This small book is the second in a series of four, consisting of reflections and practices related to the ‘sublime abiding places for the heart’ – the four brahma-vihāras, in Buddhist parlance. The vision for the series is to explore these sublime abidings via the somewhat oblique approach of looking at what counters or muddies their activity. In this second book we will be investigating karuṇā through the lens of that kind of anxious helpfulness that feels like we’re never doing enough, or that wants to fix others so that we will feel better, or the attitude that we don’t deserve ever to feel peaceful or happy while others are still suffering. The other three books in the series similarly explore the remaining brahma-vihāras through aspects of mind and behaviour that oppose or confuse them.
Ajahn Amaro
Born in England in 1956, Ajahn Amaro received his BSc. in Psychology and Physiology from the University of London. Spiritual searching led him to Thailand, where he went to Wat Pah Nanachat, a Forest Tradition monastery established for Western disciples of Thai meditation master Ajahn Chah, who ordained him as a bhikkhu in April 1979. He returned to England in October 1979 and joined Ajahn Sumedho at the newly established Chithurst Monastery in West Sussex.
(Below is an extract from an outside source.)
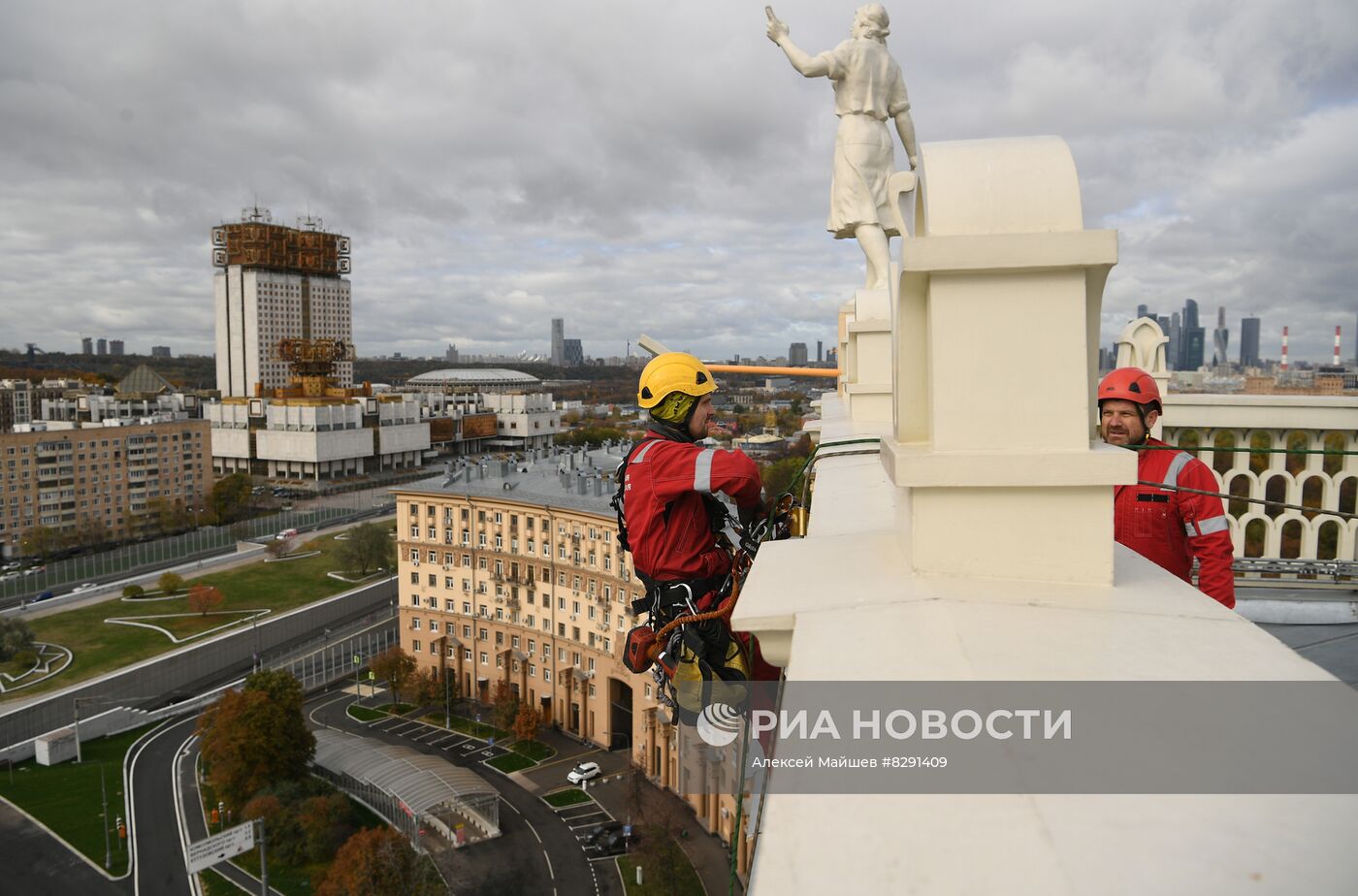 Работа промышленных альпинистов "ОЭК"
In 1983 he made an 830-mile trek from Chithurst to a new branch monastery, Harnham Vihāra, near the Scottish border. In July 1985, he moved to Amaravati Buddhist Monastery north of London and resided there for many years. In the early 1990s, he started making trips to California every year, eventually establishing Abhayagiri Monastery near Ukiah, Northern California, in June of 1996.
He lived at Abhayagiri until the summer of 2010, holding the position of co-abbot along with Ajahn Pasanno. At that time, he then moved back to Amaravati Buddhist Monastery in England to take up the position of abbot of this large monastic community.